Task inputs
══════
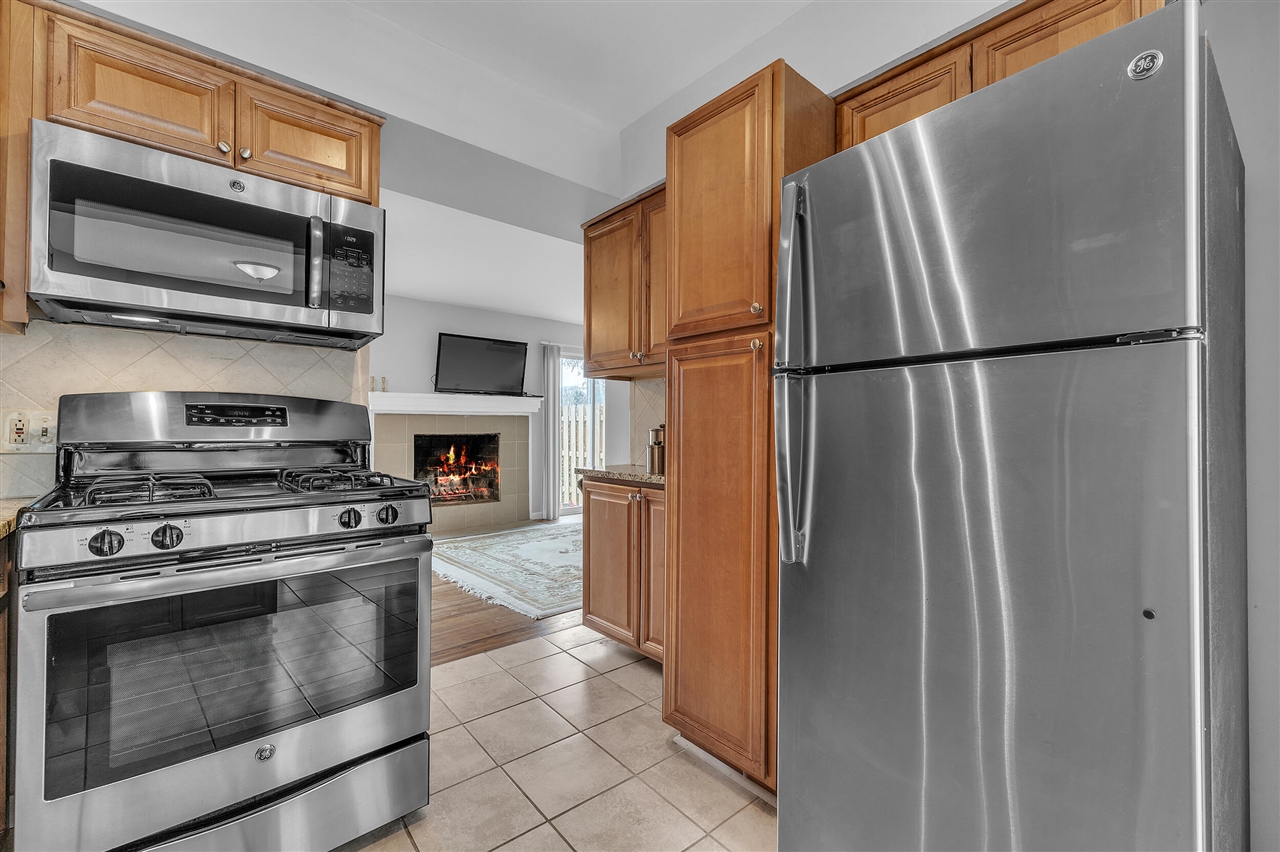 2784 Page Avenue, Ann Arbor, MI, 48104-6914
══════
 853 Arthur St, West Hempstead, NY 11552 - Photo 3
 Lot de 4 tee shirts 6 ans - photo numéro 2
══════
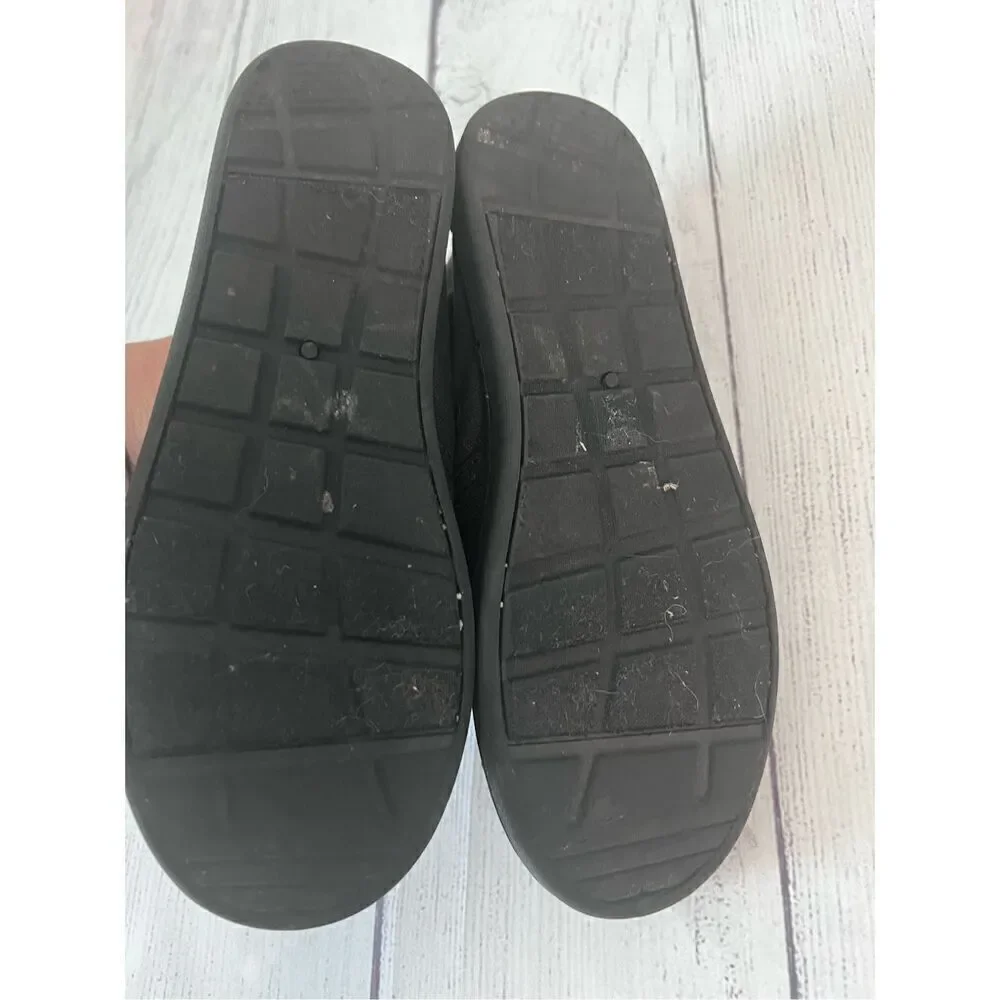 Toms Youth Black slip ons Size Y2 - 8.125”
══════
Write out, from the lines above, only those from the line with "853 Arthur St, West" to the line with "Lot de 4 tee shirts 6 ans - photo numéro 2", exactly as given, including the first and the last.

Answer section
 853 Arthur St, West Hempstead, NY 11552 - Photo 3
 Lot de 4 tee shirts 6 ans - photo numéro 2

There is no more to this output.